▶ Data records
__________________________________________________
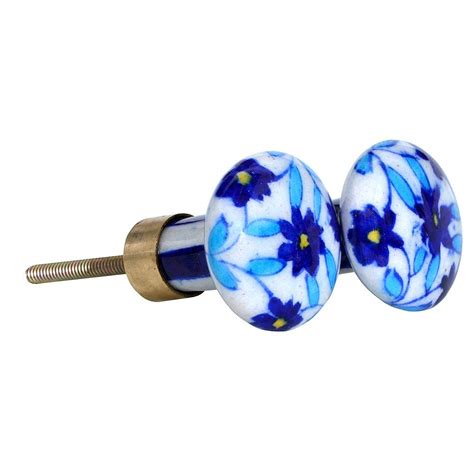 Drax Set of 2 Door Drawers Knobs in Ceramic Blue Pottery : Amazon.in ...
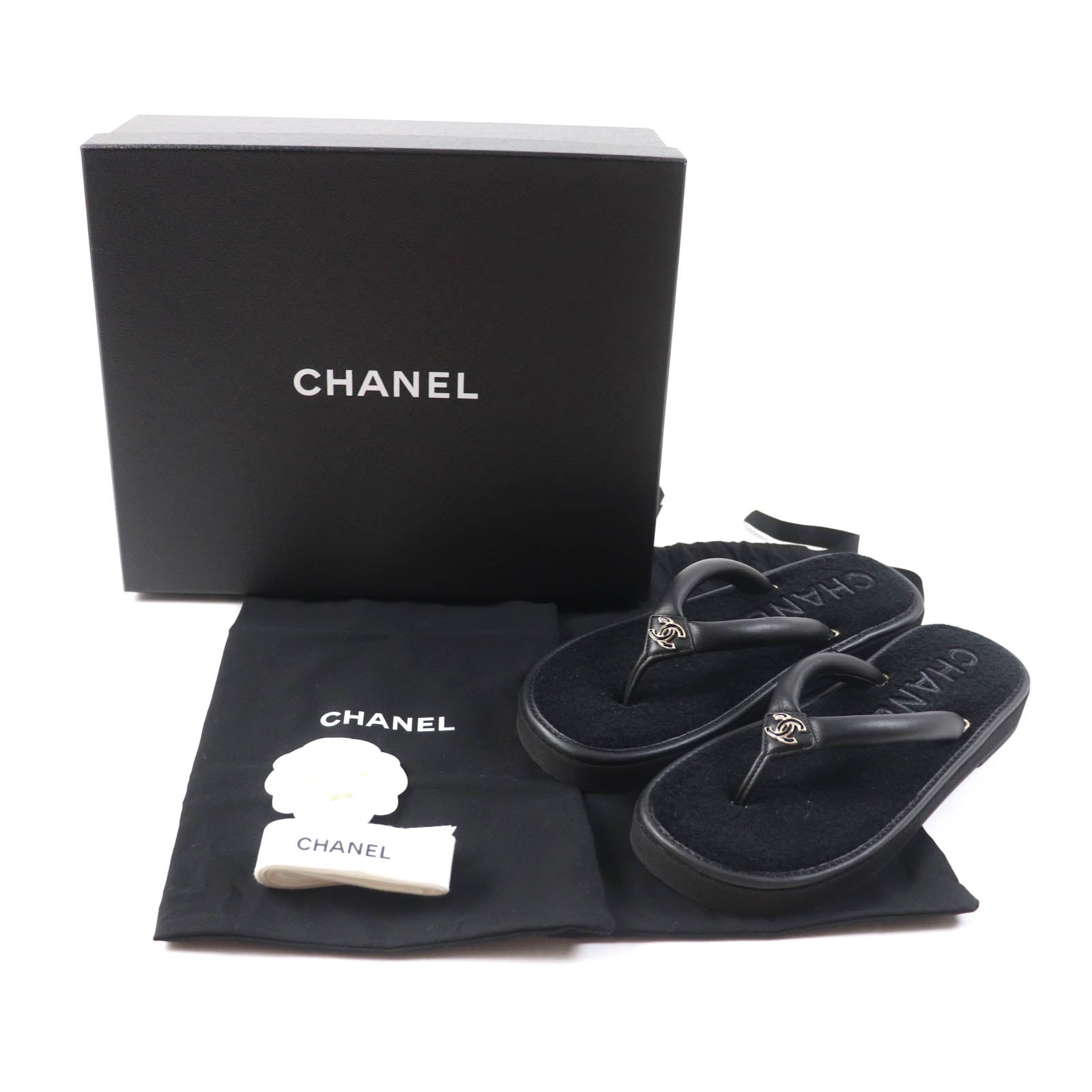 Chanel Leather Thong Sandals Black 39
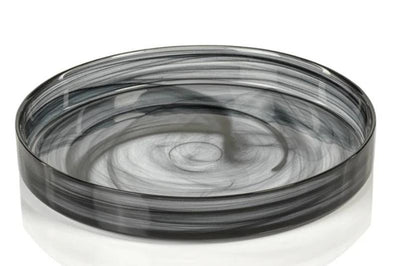 Moonbay Black Alabaster Glass Medium Tray (1 Count)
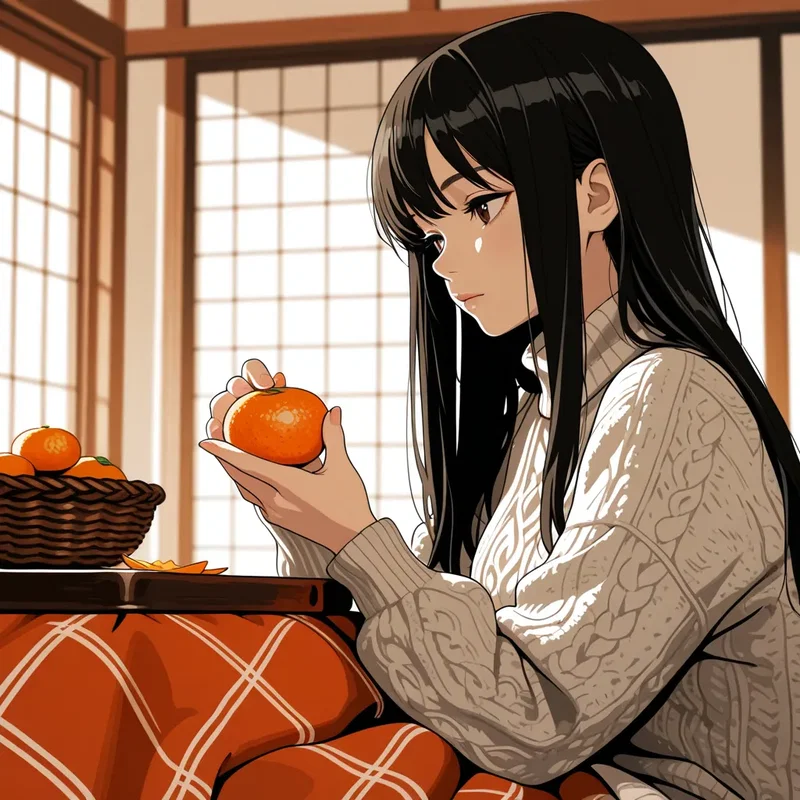こたつに入ってミカンの皮を剥いている女の子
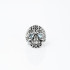 Inel craniu broderie cz blue Argint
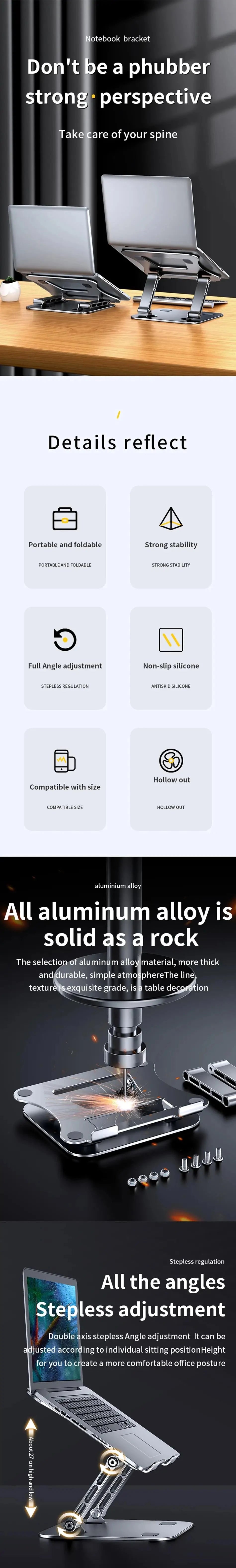 Laptop Stand Adjustable Aluminum Alloy Notebook Tablet Stand Up to 17 Inch Laptop Portable Fold Holder Cooling Bracket Support - AMULET RING STORE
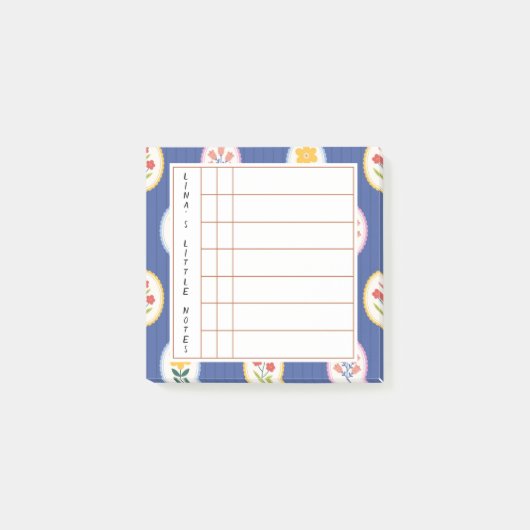 Floral Lined Frame – Blossom Time Sticky Notes ポストイット (正面)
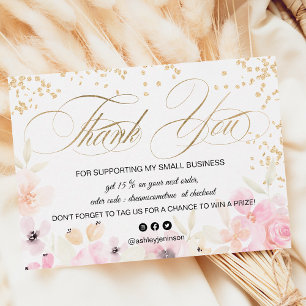 Gold glitter floral pastel logo script thank you business card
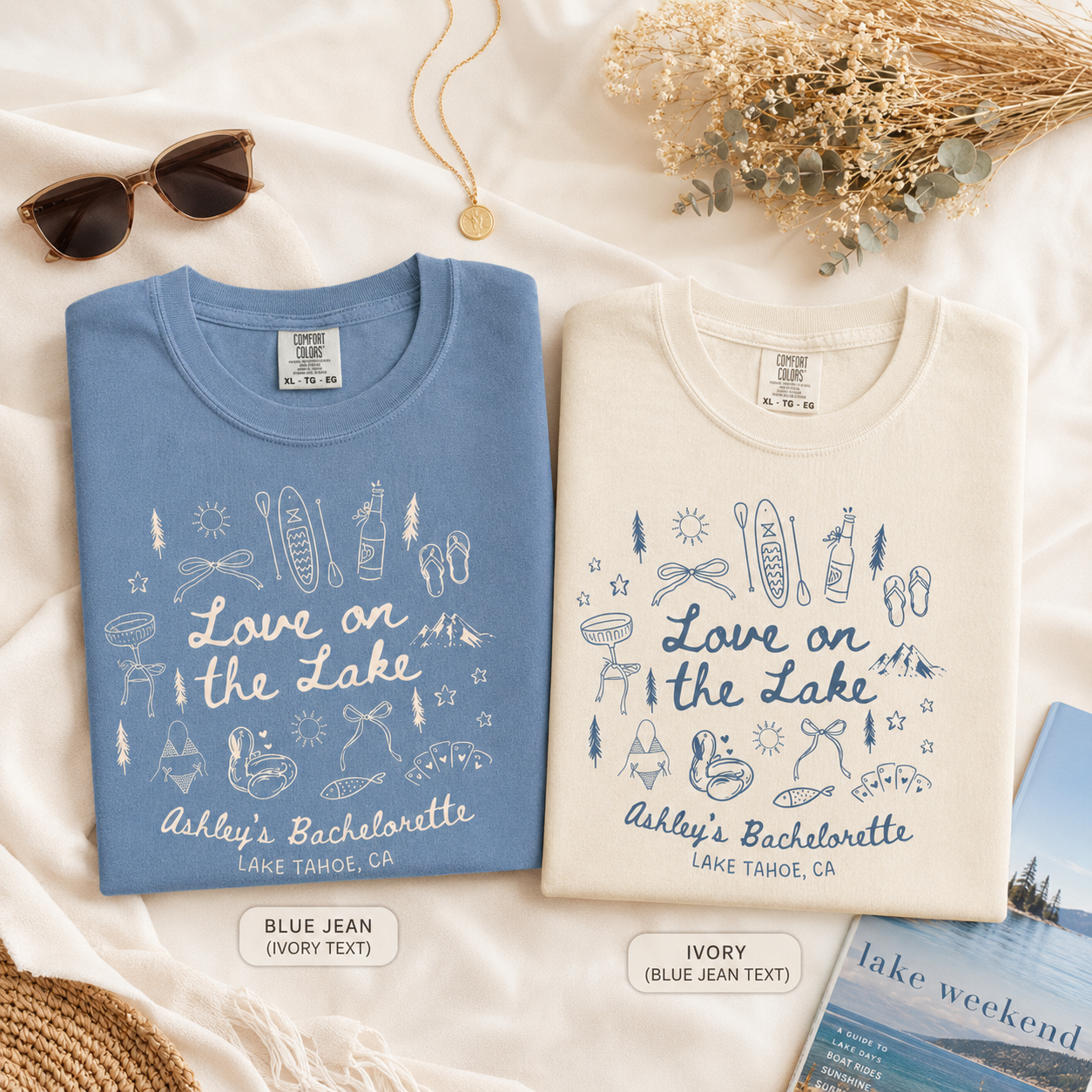 Lake Bachelorette Party Shirts, Love on the Lake, Outdoorsy Bachelorette, Mountain Bridal Party, Camping Bachelorette, Comfort Colors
__________________________________________________
▶ Aim of the exercise
Leave out every picture and write out exactly the lines running from the line containing "こたつに入ってミカンの皮を剥いている女の子" to the end of the listing above.

▶ Reply to the exercise
こたつに入ってミカンの皮を剥いている女の子
 Inel craniu broderie cz blue Argint
 Laptop Stand Adjustable Aluminum Alloy Notebook Tablet Stand Up to 17 Inch Laptop Portable Fold Holder Cooling Bracket Support - AMULET RING STORE
 Floral Lined Frame – Blossom Time Sticky Notes ポストイット (正面)
 Gold glitter floral pastel logo script thank you business card
 Lake Bachelorette Party Shirts, Love on the Lake, Outdoorsy Bachelorette, Mountain Bridal Party, Camping Bachelorette, Comfort Colors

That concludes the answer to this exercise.